The evidence is troubling. In the UK, in each month so far this year, the average temperature has been above the long term average. In Europe, average temperatures have increased at more than twice the global rate or an average of 0.5C per decade over the past 30 years. The effects of this heating have included droughts, wild fires and melting of ice sheets and glaciers affecting more than 500,000 people.

Though Europe has decreased its greenhouse gas emissions associated with burning fossil fuels by 30% since 1990, this is clearly not sufficient and further cuts will be required primarily by using energy more efficiently and increasing the use of renewable energy sources like solar electricity, wind and geothermal.

The good news is that 92 countries associated with 80% of greenhouse gas emissions have set a target of net zero by 2050 including the UK. In addition the loss of forests is decreasing as they are important sinks of greenhouse gases. Moreover Brazil’s incoming president Luiz da Silva has pledged to halt destruction of his country’s rain forests, the world’s largest .

The global requirement is to halve the emissions of these gases by 2030 to stay within the 1.5C limit and this involves primarily the developed counties who are responsible the greatest amount of energy usage and emissions.
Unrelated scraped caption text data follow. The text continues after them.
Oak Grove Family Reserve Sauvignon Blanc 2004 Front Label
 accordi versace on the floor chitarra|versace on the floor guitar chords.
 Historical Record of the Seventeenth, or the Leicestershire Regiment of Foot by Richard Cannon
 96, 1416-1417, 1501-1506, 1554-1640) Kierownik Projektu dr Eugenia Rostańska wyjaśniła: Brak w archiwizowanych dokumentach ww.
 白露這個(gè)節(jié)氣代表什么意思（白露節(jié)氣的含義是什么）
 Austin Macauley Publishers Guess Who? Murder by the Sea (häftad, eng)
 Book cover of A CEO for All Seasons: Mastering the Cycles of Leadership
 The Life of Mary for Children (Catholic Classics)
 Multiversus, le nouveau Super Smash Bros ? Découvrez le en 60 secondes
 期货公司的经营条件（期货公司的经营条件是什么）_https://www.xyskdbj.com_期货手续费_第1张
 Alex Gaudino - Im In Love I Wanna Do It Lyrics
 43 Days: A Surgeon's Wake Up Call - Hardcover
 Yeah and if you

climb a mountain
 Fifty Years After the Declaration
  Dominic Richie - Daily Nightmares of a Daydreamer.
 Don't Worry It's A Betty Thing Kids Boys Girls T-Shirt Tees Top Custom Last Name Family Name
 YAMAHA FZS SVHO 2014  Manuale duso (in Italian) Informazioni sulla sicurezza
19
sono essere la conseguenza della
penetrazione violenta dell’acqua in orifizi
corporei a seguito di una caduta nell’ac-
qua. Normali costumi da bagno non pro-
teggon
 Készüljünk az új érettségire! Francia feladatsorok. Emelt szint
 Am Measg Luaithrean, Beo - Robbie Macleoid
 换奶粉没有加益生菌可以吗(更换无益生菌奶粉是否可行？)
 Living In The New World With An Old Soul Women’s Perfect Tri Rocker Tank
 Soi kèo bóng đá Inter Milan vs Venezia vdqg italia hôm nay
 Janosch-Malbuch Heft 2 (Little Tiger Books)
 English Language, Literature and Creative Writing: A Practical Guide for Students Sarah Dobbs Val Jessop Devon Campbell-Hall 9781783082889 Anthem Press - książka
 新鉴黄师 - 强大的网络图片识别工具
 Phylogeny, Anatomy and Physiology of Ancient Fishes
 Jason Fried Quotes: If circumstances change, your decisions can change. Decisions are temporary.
In addition the Conference discussed two other issues

  • Compensation for loss and damage inflicted by the developed countries on the developing countries who use much less energy;
  • Providing funding for converting energy sources from fossil fuels to renewable energy sources

The annual target for these funds is $100 billion but this amount has yet to be achieved. The Conference has succeeded in highlighting what needs to be done and it is now up to the politicians and us to implement actions which will preserve the planet for future generations.